RECORDS SHOWN: Begin
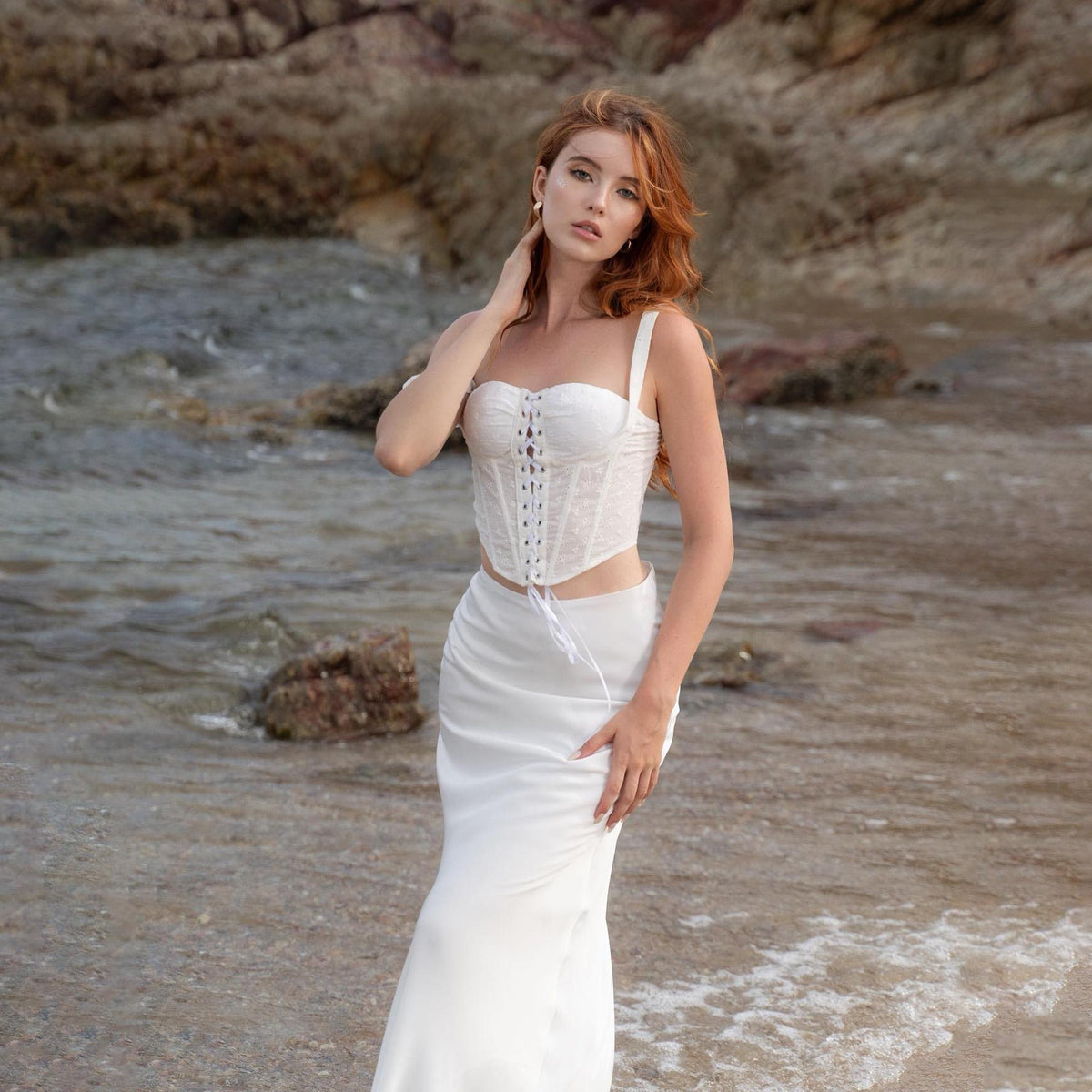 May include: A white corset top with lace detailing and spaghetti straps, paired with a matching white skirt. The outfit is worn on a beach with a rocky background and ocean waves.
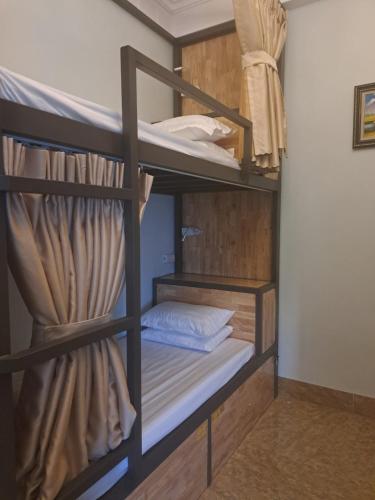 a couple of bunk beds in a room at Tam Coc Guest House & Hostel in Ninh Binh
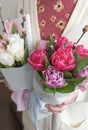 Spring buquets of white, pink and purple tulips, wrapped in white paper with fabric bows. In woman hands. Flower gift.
RECORDS SHOWN: End
RECORDS SHOWN: Begin
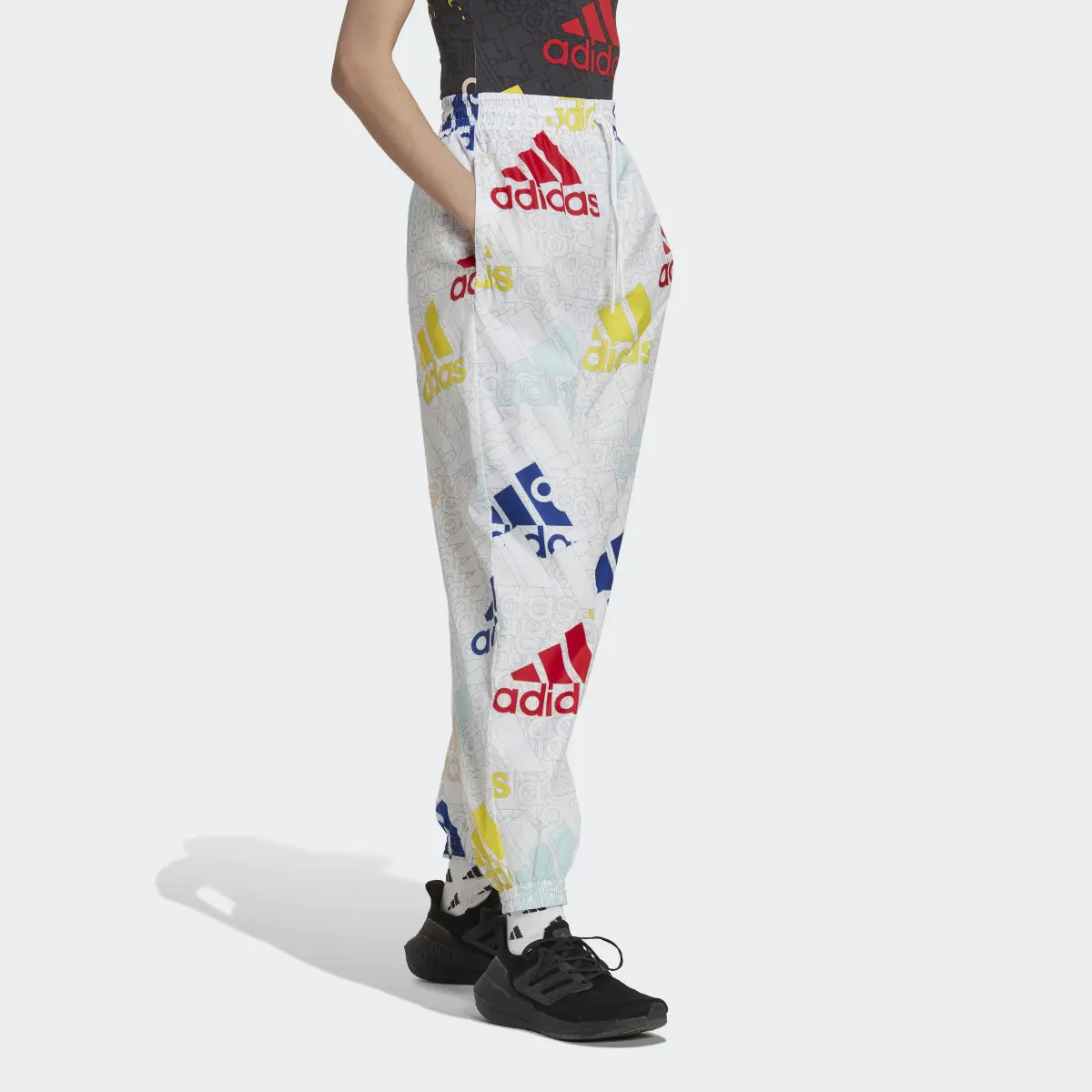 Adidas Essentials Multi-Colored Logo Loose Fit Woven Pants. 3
RECORDS SHOWN: End
» **PROBLEM TO SOLVE**:
When copying from the data above, begin at the line containing "a couple of" and end at the line containing "Spring buquets of"; return those lines exactly and leave all pictures behind.

» **SOLVED PROBLEM**:
 a couple of bunk beds in a room at Tam Coc Guest House & Hostel in Ninh Binh
 Spring buquets of white, pink and purple tulips, wrapped in white paper with fabric bows. In woman hands. Flower gift.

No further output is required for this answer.